REQUIRED WORK: Print word for word the first line of the records below and every following line through the one containing "2024 New Women's"; print nothing else.
---- INPUT MATERIAL
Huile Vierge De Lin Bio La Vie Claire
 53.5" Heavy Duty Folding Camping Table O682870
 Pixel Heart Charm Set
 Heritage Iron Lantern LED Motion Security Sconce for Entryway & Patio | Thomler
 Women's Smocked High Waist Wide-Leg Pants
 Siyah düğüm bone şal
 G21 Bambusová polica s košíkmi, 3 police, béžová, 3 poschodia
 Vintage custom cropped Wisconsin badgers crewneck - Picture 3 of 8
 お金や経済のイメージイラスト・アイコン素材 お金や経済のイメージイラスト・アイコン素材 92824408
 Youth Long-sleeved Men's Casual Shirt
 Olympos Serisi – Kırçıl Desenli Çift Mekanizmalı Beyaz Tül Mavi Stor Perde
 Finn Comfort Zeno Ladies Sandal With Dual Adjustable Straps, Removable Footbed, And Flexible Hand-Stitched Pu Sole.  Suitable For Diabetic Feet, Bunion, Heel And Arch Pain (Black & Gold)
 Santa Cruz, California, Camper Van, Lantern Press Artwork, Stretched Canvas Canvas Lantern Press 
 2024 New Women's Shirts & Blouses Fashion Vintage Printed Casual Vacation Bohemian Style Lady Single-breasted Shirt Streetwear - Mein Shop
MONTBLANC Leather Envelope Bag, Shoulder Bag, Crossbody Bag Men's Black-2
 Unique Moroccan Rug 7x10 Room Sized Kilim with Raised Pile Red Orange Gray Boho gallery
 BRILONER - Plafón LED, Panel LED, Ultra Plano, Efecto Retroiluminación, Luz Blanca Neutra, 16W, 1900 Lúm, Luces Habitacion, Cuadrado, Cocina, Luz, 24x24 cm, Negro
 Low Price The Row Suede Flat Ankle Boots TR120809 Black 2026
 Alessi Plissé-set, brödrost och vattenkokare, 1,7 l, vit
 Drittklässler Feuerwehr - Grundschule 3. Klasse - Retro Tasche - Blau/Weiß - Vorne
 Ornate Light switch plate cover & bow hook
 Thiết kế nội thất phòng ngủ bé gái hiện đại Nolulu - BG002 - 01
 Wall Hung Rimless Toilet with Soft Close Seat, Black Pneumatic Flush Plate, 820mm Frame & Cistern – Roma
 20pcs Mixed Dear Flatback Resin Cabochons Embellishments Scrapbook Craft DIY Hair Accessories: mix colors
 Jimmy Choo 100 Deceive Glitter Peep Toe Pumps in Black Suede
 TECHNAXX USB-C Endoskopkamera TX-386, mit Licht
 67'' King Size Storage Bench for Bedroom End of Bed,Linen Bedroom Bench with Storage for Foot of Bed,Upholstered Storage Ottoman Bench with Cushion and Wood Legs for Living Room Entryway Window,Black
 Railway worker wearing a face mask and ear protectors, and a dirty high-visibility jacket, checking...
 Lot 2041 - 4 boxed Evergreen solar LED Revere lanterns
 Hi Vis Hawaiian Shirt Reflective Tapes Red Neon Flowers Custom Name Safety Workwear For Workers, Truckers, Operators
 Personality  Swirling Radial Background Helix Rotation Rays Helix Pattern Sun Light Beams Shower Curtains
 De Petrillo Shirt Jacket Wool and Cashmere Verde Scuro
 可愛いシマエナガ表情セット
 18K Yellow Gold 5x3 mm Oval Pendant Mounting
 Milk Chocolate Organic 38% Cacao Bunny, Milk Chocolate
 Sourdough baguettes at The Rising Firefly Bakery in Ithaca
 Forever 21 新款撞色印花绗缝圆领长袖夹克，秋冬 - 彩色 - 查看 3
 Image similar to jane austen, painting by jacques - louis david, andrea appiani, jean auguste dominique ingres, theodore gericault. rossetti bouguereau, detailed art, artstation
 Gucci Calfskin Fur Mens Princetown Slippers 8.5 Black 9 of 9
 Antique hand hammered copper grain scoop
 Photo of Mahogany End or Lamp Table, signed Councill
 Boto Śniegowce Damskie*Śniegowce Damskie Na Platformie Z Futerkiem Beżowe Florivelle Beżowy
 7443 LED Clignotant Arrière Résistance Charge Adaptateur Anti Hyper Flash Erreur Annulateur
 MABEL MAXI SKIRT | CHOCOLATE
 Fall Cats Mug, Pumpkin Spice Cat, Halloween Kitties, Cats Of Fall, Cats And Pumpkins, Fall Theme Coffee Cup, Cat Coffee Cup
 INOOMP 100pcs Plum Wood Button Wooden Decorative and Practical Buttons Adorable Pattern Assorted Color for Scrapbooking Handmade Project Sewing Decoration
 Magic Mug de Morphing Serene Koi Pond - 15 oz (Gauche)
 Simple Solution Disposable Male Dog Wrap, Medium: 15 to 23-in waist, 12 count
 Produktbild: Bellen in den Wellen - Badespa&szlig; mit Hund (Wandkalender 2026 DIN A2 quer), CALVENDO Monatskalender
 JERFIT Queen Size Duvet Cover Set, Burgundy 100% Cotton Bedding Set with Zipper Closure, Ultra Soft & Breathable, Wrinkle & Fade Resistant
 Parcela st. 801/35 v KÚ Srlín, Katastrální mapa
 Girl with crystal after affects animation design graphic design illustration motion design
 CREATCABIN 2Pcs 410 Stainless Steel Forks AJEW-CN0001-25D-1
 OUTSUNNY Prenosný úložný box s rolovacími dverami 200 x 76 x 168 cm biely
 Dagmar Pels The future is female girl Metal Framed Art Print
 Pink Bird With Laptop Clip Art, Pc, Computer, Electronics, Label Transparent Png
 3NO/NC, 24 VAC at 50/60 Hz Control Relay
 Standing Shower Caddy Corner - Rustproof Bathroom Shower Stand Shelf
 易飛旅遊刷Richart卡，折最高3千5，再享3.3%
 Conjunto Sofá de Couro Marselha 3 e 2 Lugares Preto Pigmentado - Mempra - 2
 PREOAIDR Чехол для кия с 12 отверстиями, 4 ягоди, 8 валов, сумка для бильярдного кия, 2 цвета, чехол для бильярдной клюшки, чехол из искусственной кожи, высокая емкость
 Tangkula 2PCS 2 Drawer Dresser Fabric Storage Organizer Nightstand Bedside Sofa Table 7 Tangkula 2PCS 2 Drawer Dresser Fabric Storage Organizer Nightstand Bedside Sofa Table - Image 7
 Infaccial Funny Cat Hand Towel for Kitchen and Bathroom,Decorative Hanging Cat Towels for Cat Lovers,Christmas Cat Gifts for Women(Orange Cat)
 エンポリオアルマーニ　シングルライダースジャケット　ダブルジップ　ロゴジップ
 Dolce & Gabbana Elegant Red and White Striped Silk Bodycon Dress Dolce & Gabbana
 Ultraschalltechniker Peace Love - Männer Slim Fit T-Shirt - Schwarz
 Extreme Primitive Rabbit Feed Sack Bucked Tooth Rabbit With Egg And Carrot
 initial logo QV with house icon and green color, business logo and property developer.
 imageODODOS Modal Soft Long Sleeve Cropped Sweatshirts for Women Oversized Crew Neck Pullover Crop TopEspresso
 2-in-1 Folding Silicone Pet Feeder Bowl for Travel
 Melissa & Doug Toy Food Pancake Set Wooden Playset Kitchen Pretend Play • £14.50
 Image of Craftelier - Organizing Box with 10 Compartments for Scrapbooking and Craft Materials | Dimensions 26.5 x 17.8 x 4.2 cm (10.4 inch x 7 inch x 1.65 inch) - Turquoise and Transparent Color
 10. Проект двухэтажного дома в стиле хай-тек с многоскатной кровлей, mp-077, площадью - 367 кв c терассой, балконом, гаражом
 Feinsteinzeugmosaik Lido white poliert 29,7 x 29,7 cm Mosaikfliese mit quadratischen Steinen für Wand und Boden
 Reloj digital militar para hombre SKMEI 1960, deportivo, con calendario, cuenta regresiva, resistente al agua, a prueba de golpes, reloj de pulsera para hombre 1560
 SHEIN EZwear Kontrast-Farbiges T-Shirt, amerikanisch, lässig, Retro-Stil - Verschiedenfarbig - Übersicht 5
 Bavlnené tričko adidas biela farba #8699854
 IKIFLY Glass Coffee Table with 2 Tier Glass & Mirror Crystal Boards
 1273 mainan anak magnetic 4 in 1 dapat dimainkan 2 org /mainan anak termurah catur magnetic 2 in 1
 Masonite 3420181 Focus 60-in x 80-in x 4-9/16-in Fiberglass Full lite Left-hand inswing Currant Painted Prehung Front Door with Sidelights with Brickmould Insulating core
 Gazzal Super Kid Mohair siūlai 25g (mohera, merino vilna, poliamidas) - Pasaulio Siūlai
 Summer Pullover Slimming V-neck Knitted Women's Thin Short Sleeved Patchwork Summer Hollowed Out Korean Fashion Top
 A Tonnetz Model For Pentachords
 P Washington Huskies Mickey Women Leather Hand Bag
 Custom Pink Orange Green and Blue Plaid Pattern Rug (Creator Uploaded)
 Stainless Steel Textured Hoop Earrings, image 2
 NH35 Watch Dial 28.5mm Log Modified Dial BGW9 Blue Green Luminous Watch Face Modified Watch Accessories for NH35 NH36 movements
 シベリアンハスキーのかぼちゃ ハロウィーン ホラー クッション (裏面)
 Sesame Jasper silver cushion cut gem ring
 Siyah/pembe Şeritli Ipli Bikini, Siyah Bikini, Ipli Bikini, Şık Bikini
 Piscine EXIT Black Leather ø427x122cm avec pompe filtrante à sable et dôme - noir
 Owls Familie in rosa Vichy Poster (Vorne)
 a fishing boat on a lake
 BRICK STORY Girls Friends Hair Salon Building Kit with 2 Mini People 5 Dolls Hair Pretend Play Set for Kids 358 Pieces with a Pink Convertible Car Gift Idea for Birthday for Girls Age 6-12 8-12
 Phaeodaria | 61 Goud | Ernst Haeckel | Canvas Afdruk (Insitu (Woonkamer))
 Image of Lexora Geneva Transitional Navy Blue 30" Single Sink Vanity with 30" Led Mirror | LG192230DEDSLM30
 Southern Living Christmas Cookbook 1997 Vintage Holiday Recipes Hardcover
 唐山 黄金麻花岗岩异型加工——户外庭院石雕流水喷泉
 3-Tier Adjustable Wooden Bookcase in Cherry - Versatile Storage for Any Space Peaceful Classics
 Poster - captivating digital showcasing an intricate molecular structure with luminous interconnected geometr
--------
ANSWER TO THE EXERCISE:
Huile Vierge De Lin Bio La Vie Claire
 53.5" Heavy Duty Folding Camping Table O682870
 Pixel Heart Charm Set
 Heritage Iron Lantern LED Motion Security Sconce for Entryway & Patio | Thomler
 Women's Smocked High Waist Wide-Leg Pants
 Siyah düğüm bone şal
 G21 Bambusová polica s košíkmi, 3 police, béžová, 3 poschodia
 Vintage custom cropped Wisconsin badgers crewneck - Picture 3 of 8
 お金や経済のイメージイラスト・アイコン素材 お金や経済のイメージイラスト・アイコン素材 92824408
 Youth Long-sleeved Men's Casual Shirt
 Olympos Serisi – Kırçıl Desenli Çift Mekanizmalı Beyaz Tül Mavi Stor Perde
 Finn Comfort Zeno Ladies Sandal With Dual Adjustable Straps, Removable Footbed, And Flexible Hand-Stitched Pu Sole.  Suitable For Diabetic Feet, Bunion, Heel And Arch Pain (Black & Gold)
 Santa Cruz, California, Camper Van, Lantern Press Artwork, Stretched Canvas Canvas Lantern Press 
 2024 New Women's Shirts & Blouses Fashion Vintage Printed Casual Vacation Bohemian Style Lady Single-breasted Shirt Streetwear - Mein Shop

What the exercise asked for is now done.